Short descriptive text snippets
+ + + +

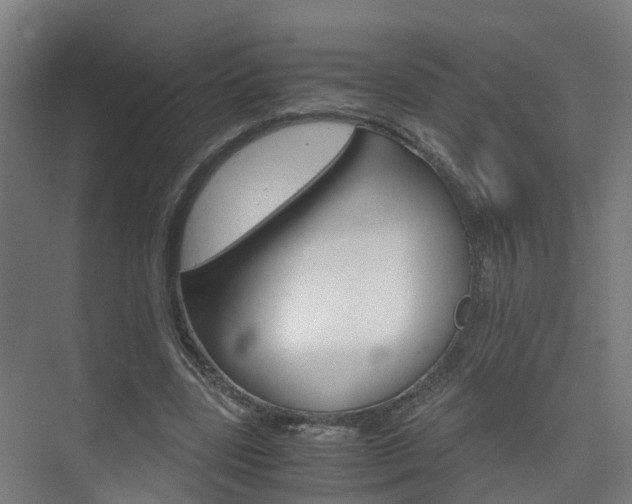 X0000075840539200609150914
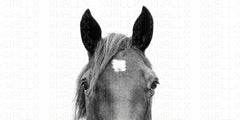 Majestic Horse Head Wall Mural
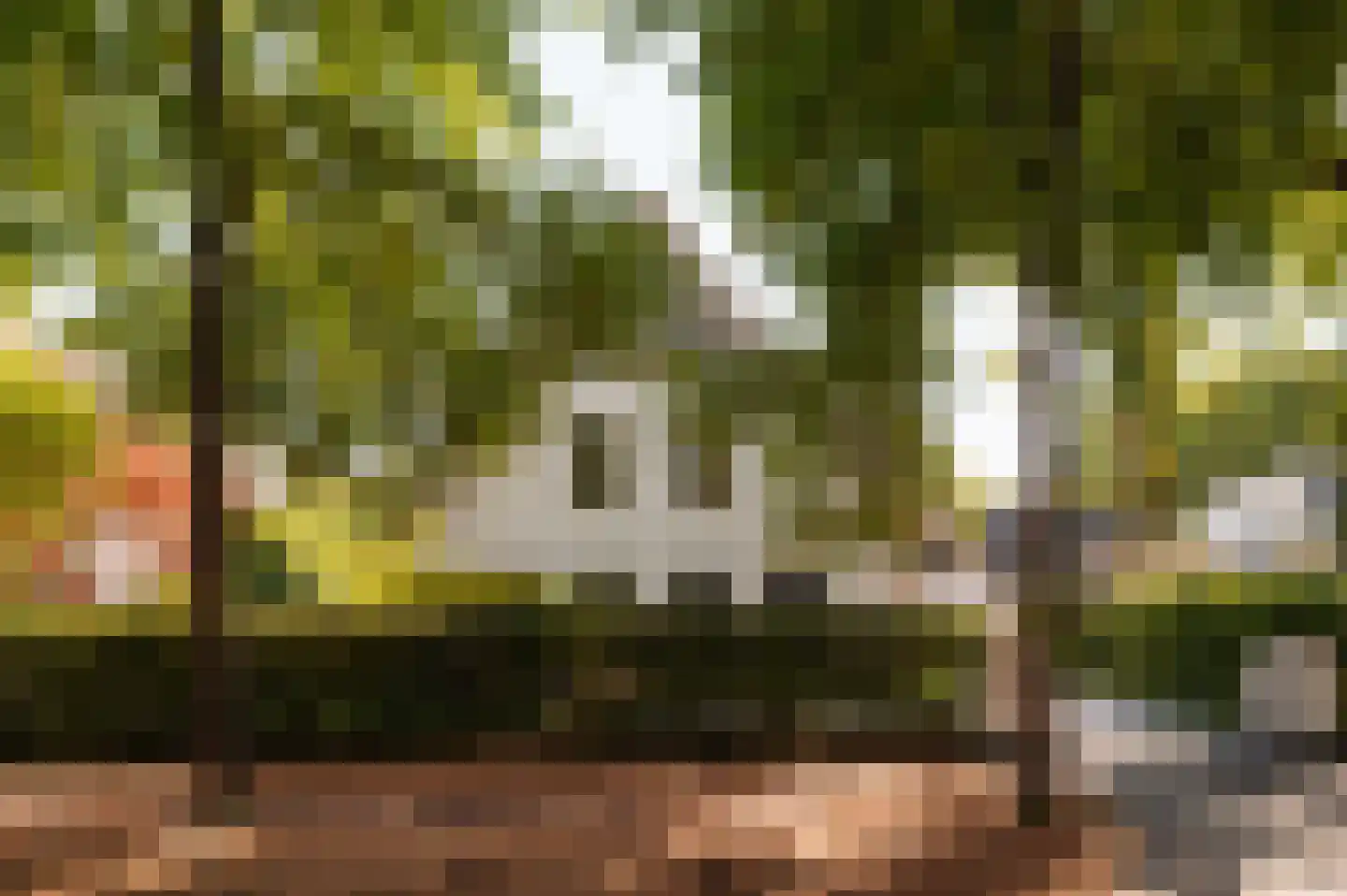 Prinsesselaan 21 Bergen (NH) thumbnail 60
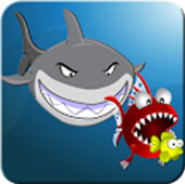 Angry & Crazy Fish Ninja Live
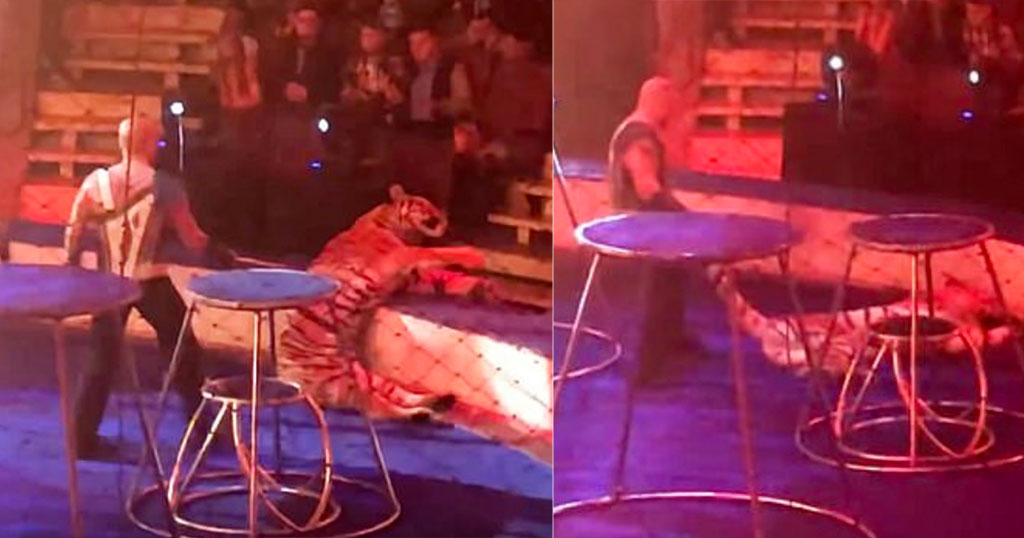 Τίγρης σε τσίρκο κατέρρευσε στη διάρκεια παράστασης (ΒΙΝΤΕΟ)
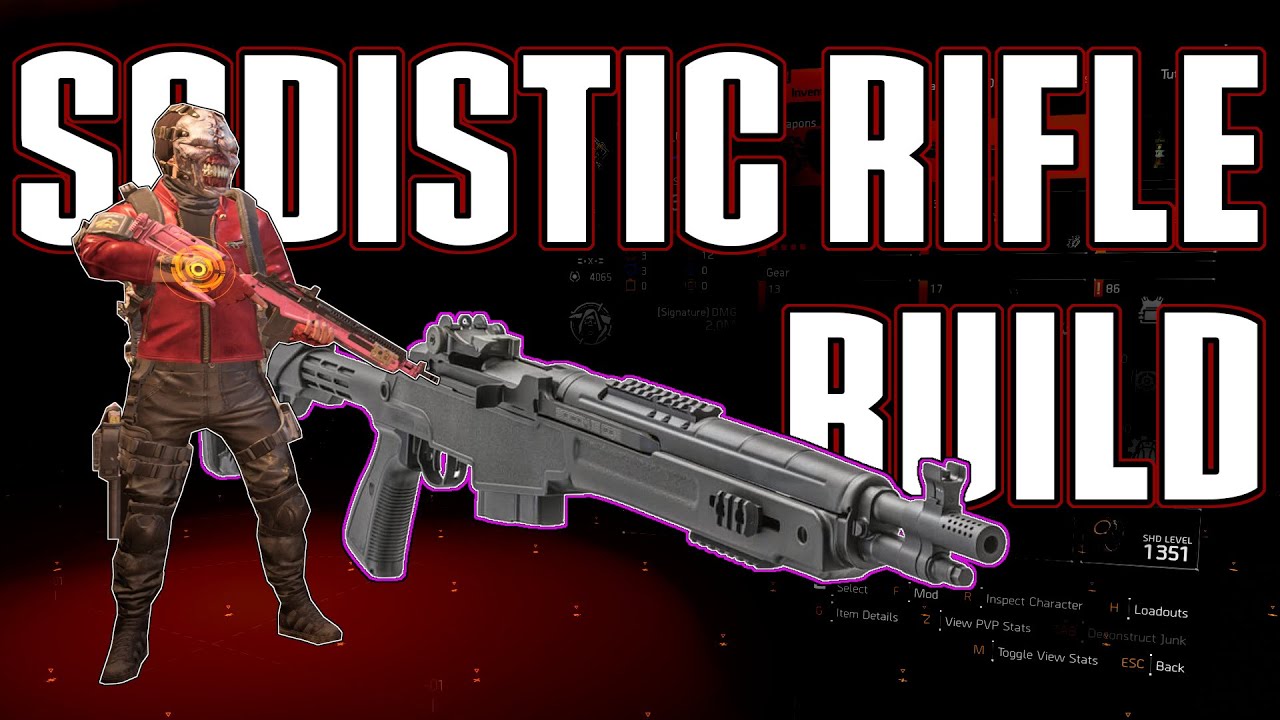 The Division 2 | This Rifle Build Dominates PVP | Melt Players Easily With This Setup!!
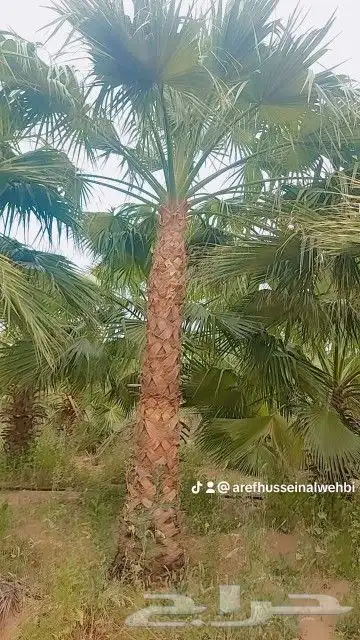 اعمال النخيل بكافة انواعها توريدها وزراعتها 3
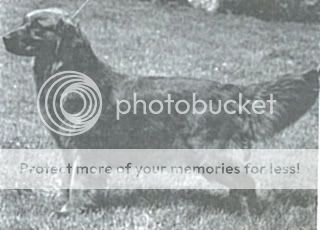 Dog picture
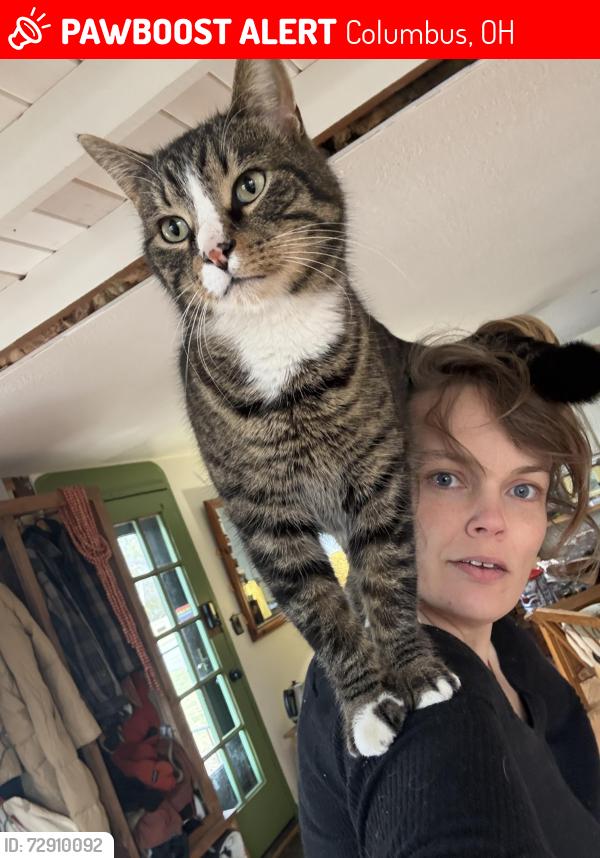 Lost Male Cat last seen N 4th and Garden, Columbus, OH 43224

+ + + +

■ **Instructions to follow**
With images excluded, write the records above out again exactly.

■ **Reply to the exercise**
 X0000075840539200609150914
 Majestic Horse Head Wall Mural
 Prinsesselaan 21 Bergen (NH) thumbnail 60
 Angry & Crazy Fish Ninja Live
 Τίγρης σε τσίρκο κατέρρευσε στη διάρκεια παράστασης (ΒΙΝΤΕΟ)
 The Division 2 | This Rifle Build Dominates PVP | Melt Players Easily With This Setup!!
 اعمال النخيل بكافة انواعها توريدها وزراعتها 3
 Dog picture
 Lost Male Cat last seen N 4th and Garden, Columbus, OH 43224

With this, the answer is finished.